Uncanny X-Men #15.INH

Posted on Sunday, December 15, 2013 by Paul in x-axis

So this is Marvel’s new thing, then – sticking file extensions on the end of issue numbers to signal crossover stories.  Hallelujah. With this out of the box thinking, the industry is saved.

Uncanny X-Men #15.INH doesn’t work.  Or at least, it doesn’t work if you’ve been skipping the build-up to Inhumanity – which I have.  But since this issue’s primary purpose is apparently to advertise Inhumanity to Uncanny X-Men readers, you would certain hope that it would be aiming to capture the interest of people coming to the event fresh.  In this, it fails.
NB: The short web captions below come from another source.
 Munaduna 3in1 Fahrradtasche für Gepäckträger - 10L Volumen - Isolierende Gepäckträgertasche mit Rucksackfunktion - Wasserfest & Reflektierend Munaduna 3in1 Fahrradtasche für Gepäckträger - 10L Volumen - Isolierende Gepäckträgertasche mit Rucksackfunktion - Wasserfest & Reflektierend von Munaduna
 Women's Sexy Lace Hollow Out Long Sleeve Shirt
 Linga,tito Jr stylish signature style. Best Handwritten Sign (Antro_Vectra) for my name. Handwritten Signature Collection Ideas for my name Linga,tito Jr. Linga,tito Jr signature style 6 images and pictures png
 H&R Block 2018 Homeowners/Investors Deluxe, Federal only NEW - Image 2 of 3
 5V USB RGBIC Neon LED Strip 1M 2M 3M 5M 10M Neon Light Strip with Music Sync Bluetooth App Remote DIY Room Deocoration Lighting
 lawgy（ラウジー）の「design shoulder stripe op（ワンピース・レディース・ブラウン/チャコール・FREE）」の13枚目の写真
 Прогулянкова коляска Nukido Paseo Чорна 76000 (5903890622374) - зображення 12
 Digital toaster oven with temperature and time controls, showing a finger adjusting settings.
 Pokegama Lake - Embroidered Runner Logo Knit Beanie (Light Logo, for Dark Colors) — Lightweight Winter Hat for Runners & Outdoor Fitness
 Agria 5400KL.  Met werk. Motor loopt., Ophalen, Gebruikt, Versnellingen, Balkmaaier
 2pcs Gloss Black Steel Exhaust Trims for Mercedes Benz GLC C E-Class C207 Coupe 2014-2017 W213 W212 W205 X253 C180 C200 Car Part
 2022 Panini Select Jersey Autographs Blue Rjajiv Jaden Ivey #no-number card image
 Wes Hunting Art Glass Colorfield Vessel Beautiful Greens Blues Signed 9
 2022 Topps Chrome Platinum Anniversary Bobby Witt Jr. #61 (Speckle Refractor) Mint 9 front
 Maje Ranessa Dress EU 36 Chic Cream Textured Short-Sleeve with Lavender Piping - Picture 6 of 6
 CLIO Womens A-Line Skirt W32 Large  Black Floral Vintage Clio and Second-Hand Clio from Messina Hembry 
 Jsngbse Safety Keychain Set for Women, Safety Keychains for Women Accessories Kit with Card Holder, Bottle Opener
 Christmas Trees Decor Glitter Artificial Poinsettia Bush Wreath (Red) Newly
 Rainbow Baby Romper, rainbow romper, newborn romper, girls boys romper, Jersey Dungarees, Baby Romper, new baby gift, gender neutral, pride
From the relatively little I’ve seen of the build-up to Inhumanity, I don’t honestly understand the hook.  And yes, that’s even after reading the one-shot we reviewed on last week’s podcast, which was nothing but recap.  Because it’s not so much that I don’t understand the plot – more that I don’t understand why it’s supposed to be interesting.  The hook, as best as Marvel have managed to convey it to me, is that the Inhumans’ city of Attilan has been destroyed by a massive bomb which has spread their mutagenic Terrigen Mists around the world.  This has apparently activated a bunch of dormant Inhumans, whatever the hell that’s supposed to mean, who have gone into cocoons and come out with super powers.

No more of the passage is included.